The coming winter months may be a confusing time for those who get sick, with the common cold and flu cases popping up just as coronavirus infections begin to rise again in New Jersey.
How can you tell what respiratory infection you have and when should you get tested? We consulted three New Jersey health and wellness experts.
Dr. Lawrence Kleinman, Head of Population Health, Quality and Performance Science (PopQuIS) at Rutgers University, says there is a lot of overlap in symptoms and it can be difficult to differentiate them from each other. towels.
Coronavirus and flu have many similarities, he said, and can be most difficult to diagnose without testing.
They both share symptoms of cough, fever, chills, sore throat, runny or stuffy nose, muscle or body aches, headache and fatigue. However, symptoms unique to coronavirus include diarrhea, loss of taste or smell, and difficulty breathing, he said.
Colds often lead to runny or stuffy nose, sneezing and sore throat, but no fever. Symptoms are usually milder than flu and coronaviruses and a shorter lifespan, says Kleinman.
Dr. Anat Feingold, an associate professor of pediatrics at Rowan University̵7;s Cooper School of Medicine and Head of the Division of Pediatric Infectious Diseases at Cooper University Health Care, said young children may have symptoms. The flu is more severe than the coronavirus.

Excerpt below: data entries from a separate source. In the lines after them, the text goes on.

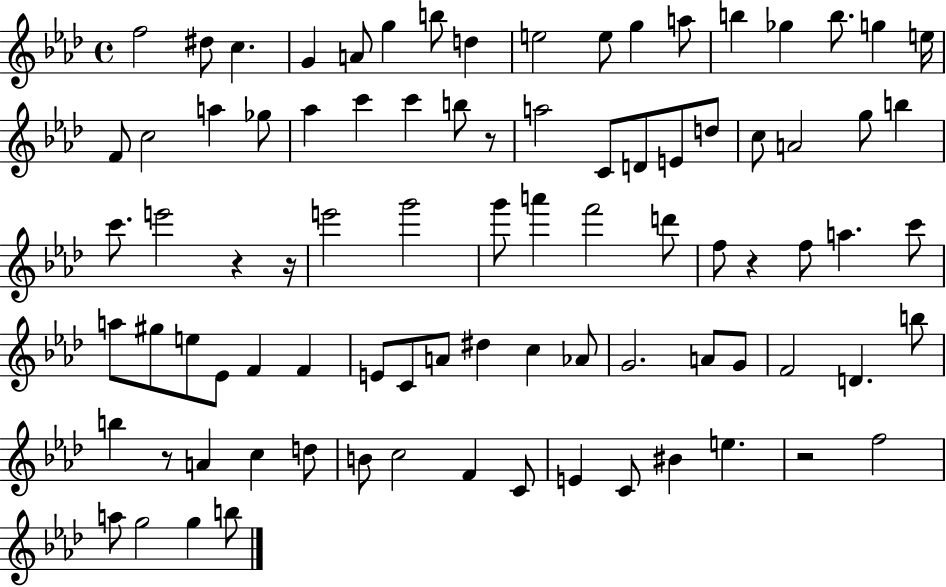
X:1
T:Untitled
M:4/4
L:1/4
K:Ab
f2 ^d/2 c G A/2 g b/2 d e2 e/2 g a/2 b _g b/2 g e/4 F/2 c2 a _g/2 _a c' c' b/2 z/2 a2 C/2 D/2 E/2 d/2 c/2 A2 g/2 b c'/2 e'2 z z/4 e'2 g'2 g'/2 a' f'2 d'/2 f/2 z f/2 a c'/2 a/2 ^g/2 e/2 _E/2 F F E/2 C/2 A/2 ^d c _A/2 G2 A/2 G/2 F2 D b/2 b z/2 A c d/2 B/2 c2 F C/2 E C/2 ^B e z2 f2 a/2 g2 g b/2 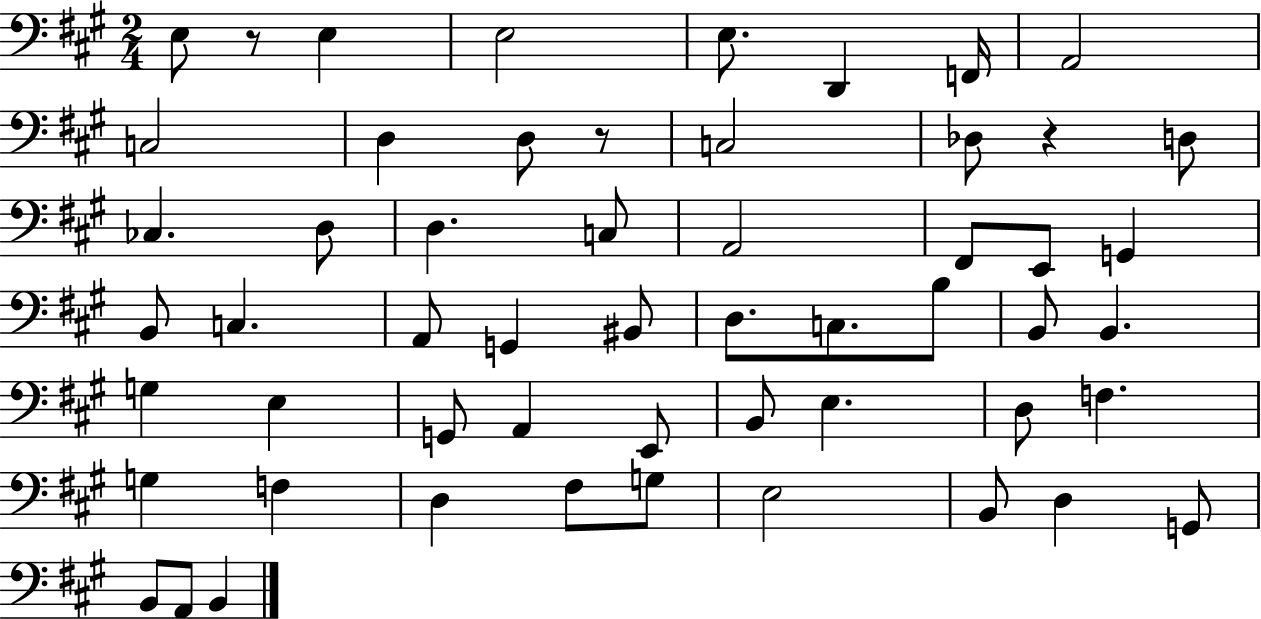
{
  \clef bass
  \numericTimeSignature
  \time 2/4
  \key a \major
  \repeat volta 2 { e8 r8 e4 | e2 | e8. d,4 f,16 | a,2 | \break c2 | d4 d8 r8 | c2 | des8 r4 d8 | \break ces4. d8 | d4. c8 | a,2 | fis,8 e,8 g,4 | \break b,8 c4. | a,8 g,4 bis,8 | d8. c8. b8 | b,8 b,4. | \break g4 e4 | g,8 a,4 e,8 | b,8 e4. | d8 f4. | \break g4 f4 | d4 fis8 g8 | e2 | b,8 d4 g,8 | \break b,8 a,8 b,4 | } \bar "|."
} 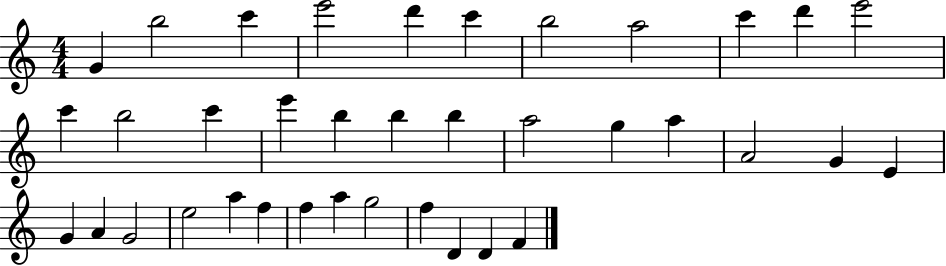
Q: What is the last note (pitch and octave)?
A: F4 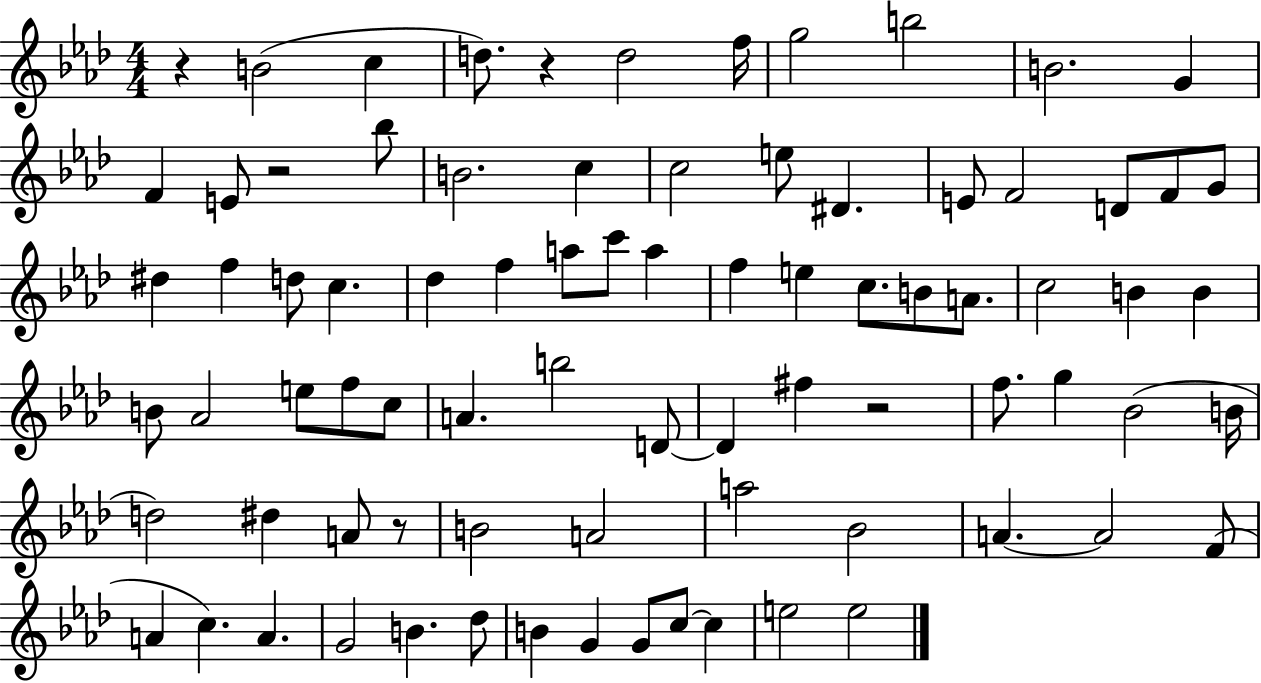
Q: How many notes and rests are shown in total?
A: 81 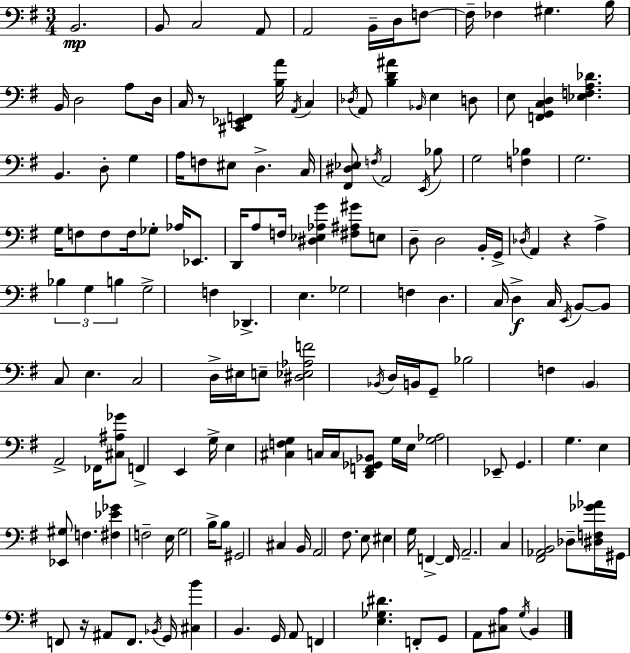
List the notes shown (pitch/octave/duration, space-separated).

B2/h. B2/e C3/h A2/e A2/h B2/s D3/s F3/e F3/s FES3/q G#3/q. B3/s B2/s D3/h A3/e D3/s C3/s R/e [C#2,Eb2,F2]/q [B3,A4]/s A2/s C3/q Db3/s A2/e [B3,D4,A#4]/q Bb2/s E3/q D3/e E3/e [F2,G2,C3,D3]/q [Eb3,F3,A3,Db4]/q. B2/q. D3/e G3/q A3/s F3/e EIS3/e D3/q. C3/s [F#2,D#3,Eb3]/e F3/s A2/h E2/s Bb3/e G3/h [F3,Bb3]/q G3/h. G3/s F3/e F3/e F3/s Gb3/e Ab3/s Eb2/e. D2/s A3/e F3/s [D#3,Eb3,Ab3,G4]/q [F#3,A#3,G#4]/e E3/e D3/e D3/h B2/s G2/s Db3/s A2/q R/q A3/q Bb3/q G3/q B3/q G3/h F3/q Db2/q. E3/q. Gb3/h F3/q D3/q. C3/s D3/q C3/s E2/s B2/e B2/e C3/e E3/q. C3/h D3/s EIS3/s E3/e [D#3,Eb3,Ab3,F4]/h Bb2/s D3/s B2/s G2/e Bb3/h F3/q B2/q A2/h FES2/s [C#3,A#3,Gb4]/e F2/q E2/q G3/s E3/q [C#3,F3,G3]/q C3/s C3/s [D2,F2,Gb2,Bb2]/e G3/s E3/s [G3,Ab3]/h Eb2/e G2/q. G3/q. E3/q [Eb2,G#3]/e F3/q. [F#3,Eb4,Gb4]/q F3/h E3/s G3/h B3/s B3/e G#2/h C#3/q B2/s A2/h F#3/e. E3/e EIS3/q G3/s F2/q F2/s A2/h. C3/q [F#2,Ab2,B2]/h Db3/e [D#3,F3,Gb4,Ab4]/s G#2/s F2/e R/s A#2/e F2/e. Bb2/s G2/s [C#3,B4]/q B2/q. G2/s A2/e F2/q [E3,Gb3,D#4]/q. F2/e G2/e A2/e [C#3,A3]/e G3/s B2/q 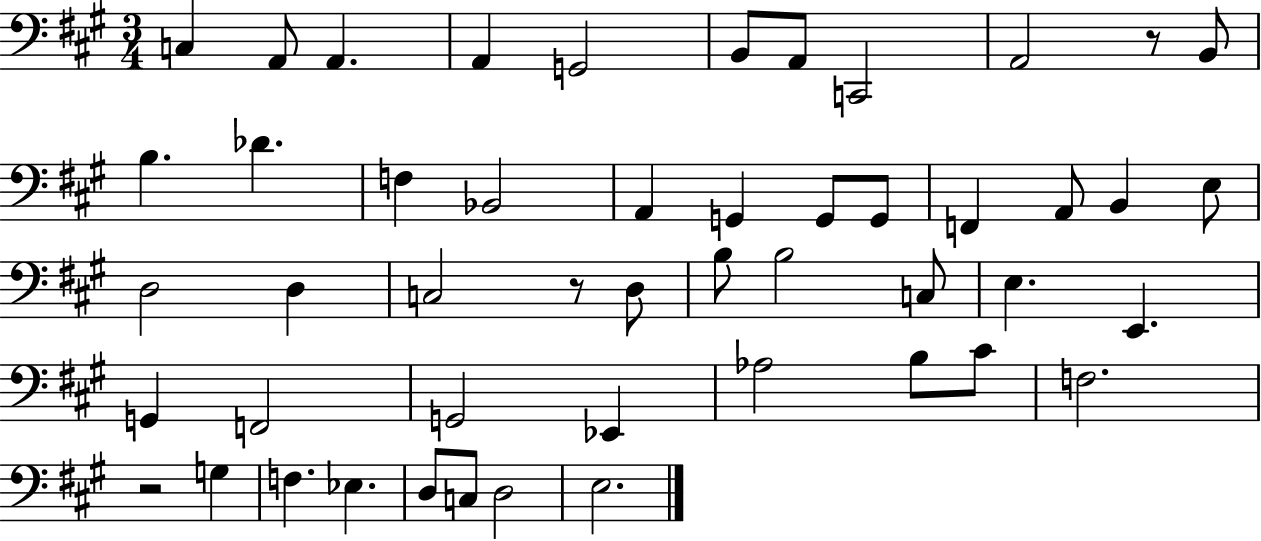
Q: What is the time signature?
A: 3/4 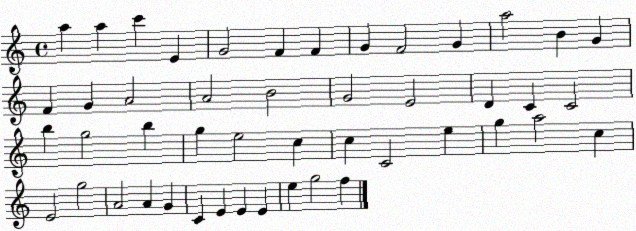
X:1
T:Untitled
M:4/4
L:1/4
K:C
a a c' E G2 F F G F2 G a2 B G F G A2 A2 B2 G2 E2 D C C2 b g2 b g e2 c c C2 e g a2 c E2 g2 A2 A G C E E E e g2 f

“They can have a higher fever. They may get sicker with more chills and pain. If you compare the flu to COVID-19, the kids with the flu generally get sicker, ”Feingold said.
But because symptoms overlap so much, testing is the only way to find out what causes your illness.
Dr. Sandra Adams, professor of biology at Montclair University, advises people to be cautious and get tested if they feel sick.
She says the fear of limited laboratory supplies has subsided since the pandemic began, so that doesn’t affect a person’s decision to see a doctor. With more people inside during the colder months, the number of cases can spike and screening will become more important, she said.
“The average person will not be able to tell the difference between flu and COVID-19,” Adams said. “When you find a combination of fever, cough, fatigue, you won’t be able to tell if it’s the flu or a COVID. I mean, do a test. “
Using a nose swab is important for keeping others safe, not just yourself.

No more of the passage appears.